On 15 Nov 2018, at 15:18, Kevin Traynor wrote:

> Next meeting 12th December
> (May cancel if no agenda items as DPDK/OVS confs the previous week)
>
> Minutes for 14th November.
> Attendees: Pieter, Asaf, Timothy, Ophir, Ian, Thomas, David, Matteo,
> Johann, Aaron, Tiago, Kevin.
>
> =======
> GENERAL
> =======
> - Ian is one of the core committers :-)
> -- He will still use his private branch for validation
> -- Patches will be applied directly into main tree
> -- i.e. no more pull requests
>
> ====================
> PERFORMANCE/FEATURES
> ====================
> - DPDK 18.08/18.11 update (Kevin)
> -- sent patches for update to 18.11
> -- Ian found an issue with CRC strip, to be fixed
> -- Ophir also sent a patch prior to meeting
> -- Thomas M, explained some of the new features of hotplug
> -- Discussed integration of changes and if it should be broken up 
> into:
> -- 1. Minimal update to use 18.11
> -- 2. Extend OVS to take advantage of new features in 18.11
> -- Discussion to be continued on ML
>
> - CI lab (Ophir/Aaron/Ian)
> -- Not much changed
> -- Testing done in VM
> -- Mlx to check about Hw for Aaron
>
> - 17.11.4 (Eelco/Aaron)
> -- Slow start up issue reported because of some patches in 17.11.4
> -- Alejandro sent patch for DPDK 17.11 branch
> -- https://mails.dpdk.org/archives/dev/2018-November/118770.html
> -- Eelco will add some more details

This issue got introduced due to commit 293c0c4b9. This change will try 
to map the huge page memory we need starting at 0x100000000. If it fails 
the hint, it will retry increasing the address, until it gets the 
mapping at the requested address.

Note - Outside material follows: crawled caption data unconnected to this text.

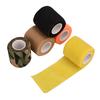 5pcs Disposable Tattoo Grip Covers Self Adhesive Tattoo Tube Handle Bandage Wrap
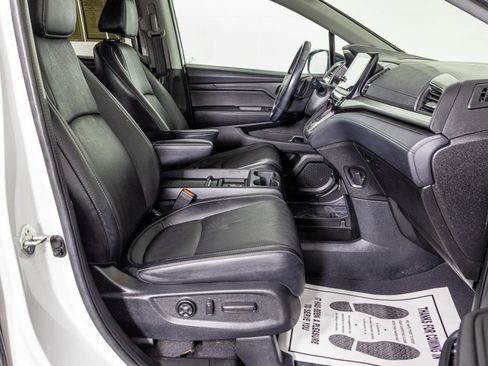 Used 2022 Honda Odyssey EX-L image 45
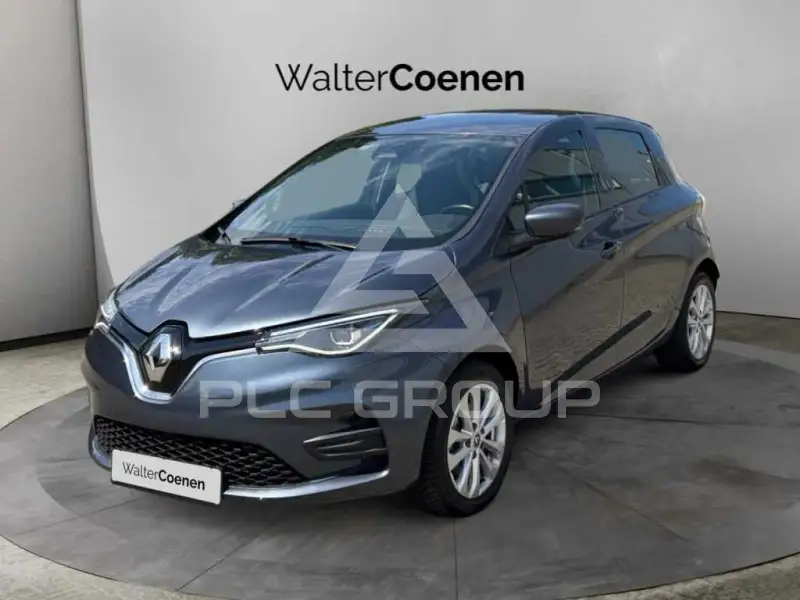 2021 Renault ZOE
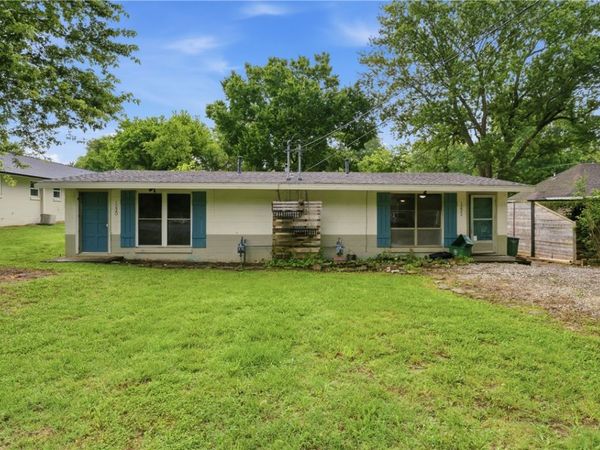1230 & 1232 S Dunn Avenue , Fayetteville, AR 72701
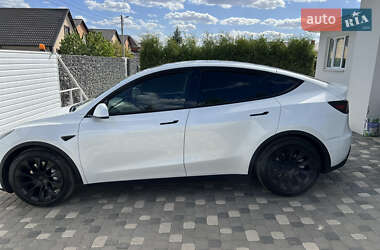 Позашляховик / Кросовер Tesla Model Y 2020 в 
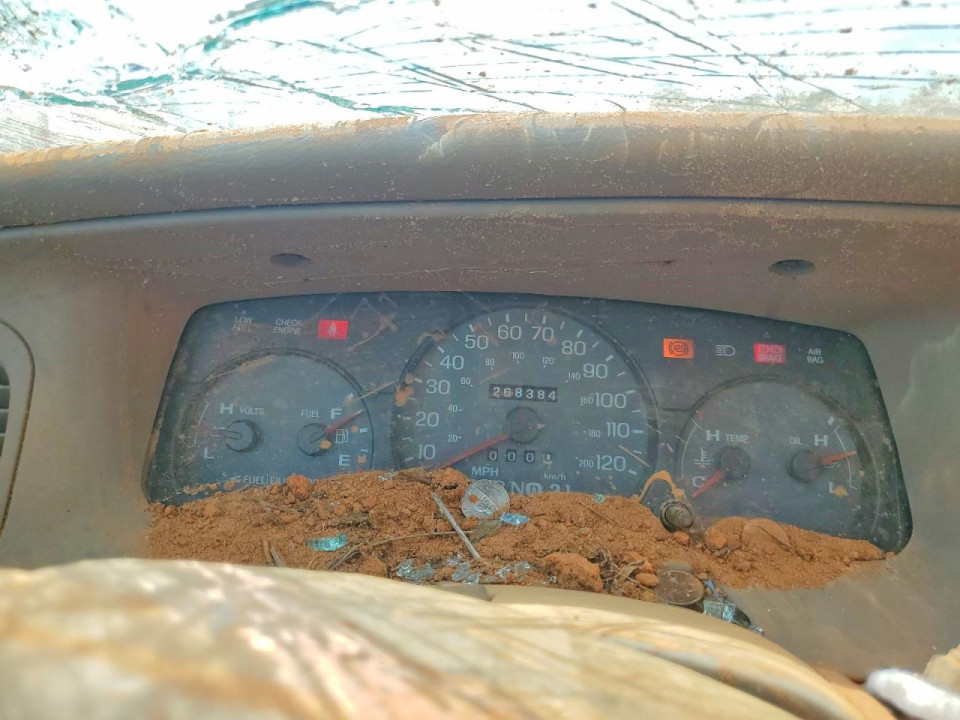 Mercury GRMARQUIS 2005 — Copart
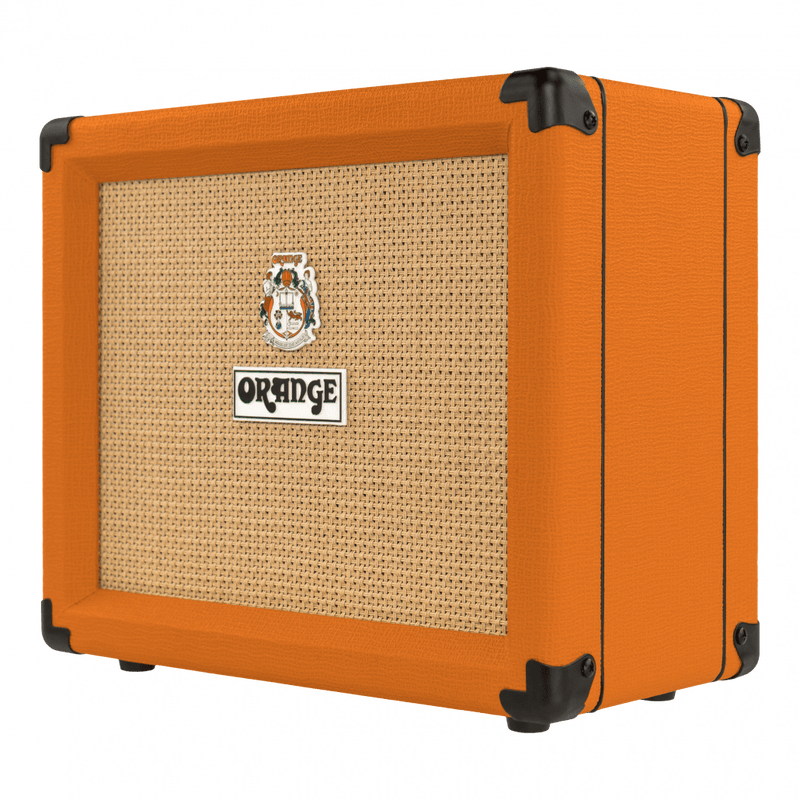 Orange Amps Crush 20 20W 1x8 Guitar Combo Amp Orange
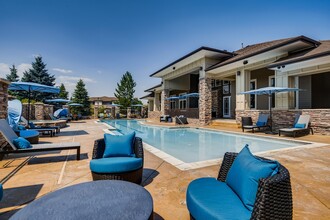 Creekside at Palmer Park in Colorado Springs, CO - Foto de edificio - Building Photo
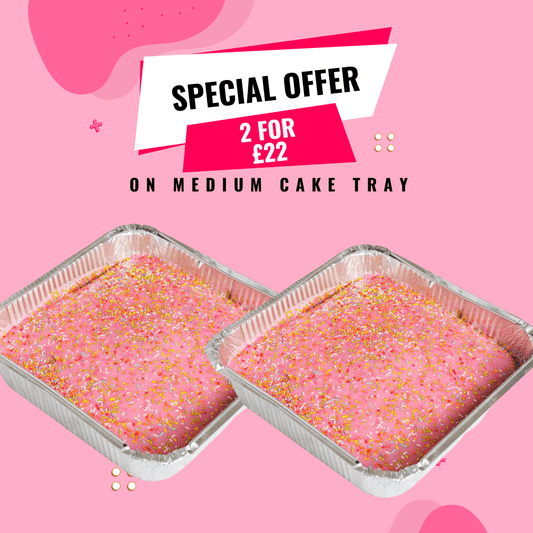 Cake Trays - Special Offer Same & Next Day Delivery in Romford from CakeTrays.co.uk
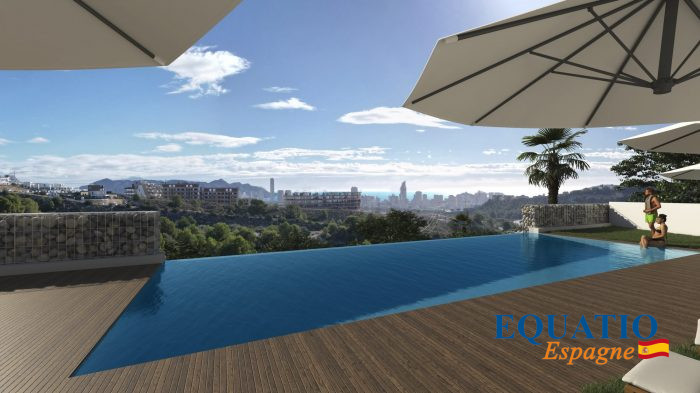 Apartment for sale, 5 rooms - Finestrat 03509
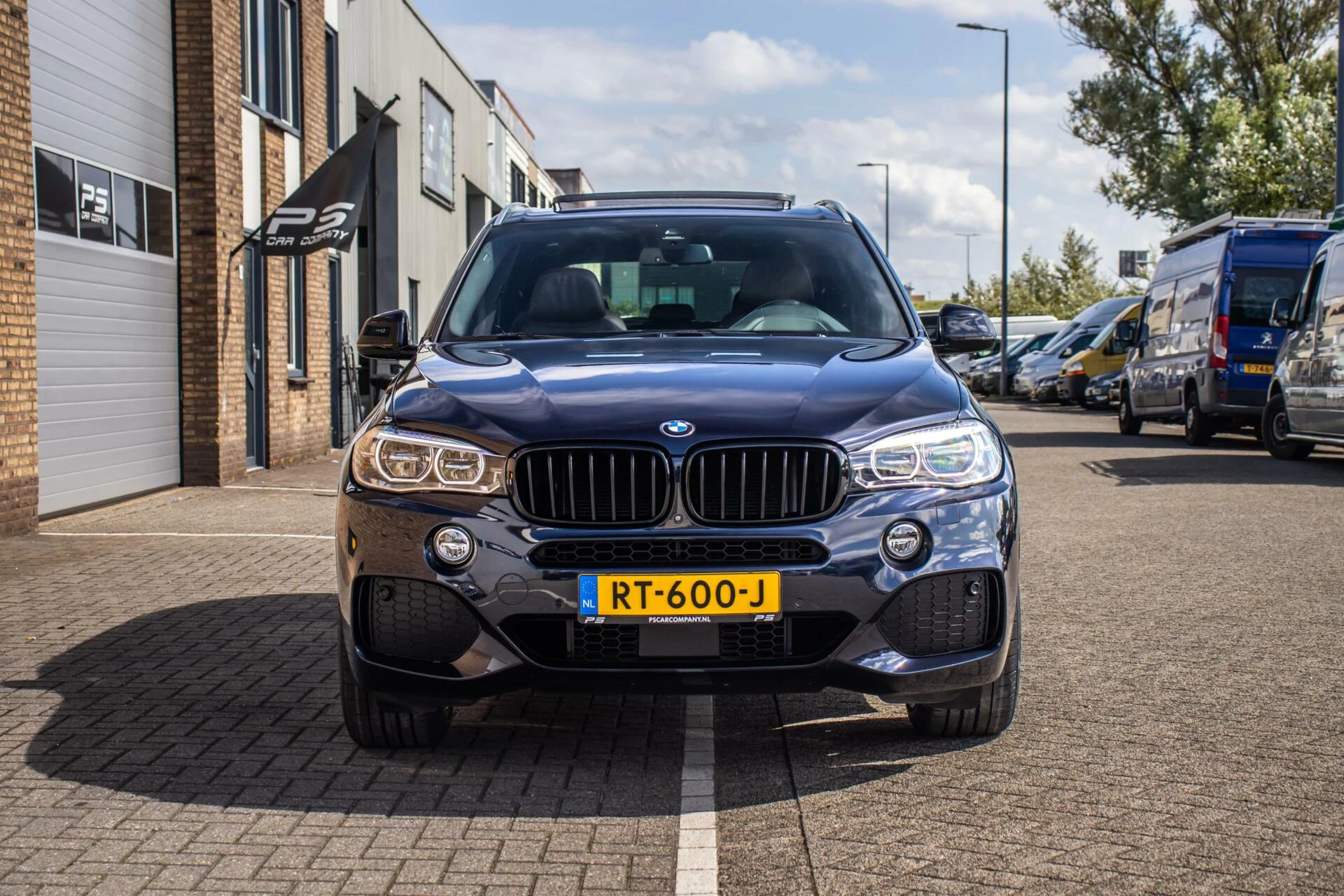 Hoofdafbeelding BMW X5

This to minimise the chance to map it 
outside the HWs DMA address space.

However just before doing this DPDK also mmaps each individual huge page 
in the system. It starts low, but it will collide with the 0x100000000 
address.

When this happens there a quite some retries until we find the mmaps we 
want. So the more memory in huge pages, the more time it takes. It 
depends on the number of huge pages in the system, not the memory 
configured for OVS.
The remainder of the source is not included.